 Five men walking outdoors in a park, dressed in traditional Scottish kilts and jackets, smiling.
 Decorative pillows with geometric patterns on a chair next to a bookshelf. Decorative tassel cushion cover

+-------+

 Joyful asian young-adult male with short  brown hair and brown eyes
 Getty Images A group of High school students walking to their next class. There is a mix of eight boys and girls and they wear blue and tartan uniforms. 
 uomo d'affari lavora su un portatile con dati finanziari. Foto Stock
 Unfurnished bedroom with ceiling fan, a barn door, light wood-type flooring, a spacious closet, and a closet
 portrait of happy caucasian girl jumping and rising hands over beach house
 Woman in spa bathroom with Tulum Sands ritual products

+-------+

[Exercise]: Within the listing above, give again exactly every line from the line with "Getty Images A" through the line with "uomo d'affari lavora", both included, and no other line.

[Expected output]:
 Getty Images A group of High school students walking to their next class. There is a mix of eight boys and girls and they wear blue and tartan uniforms. 
 uomo d'affari lavora su un portatile con dati finanziari. Foto Stock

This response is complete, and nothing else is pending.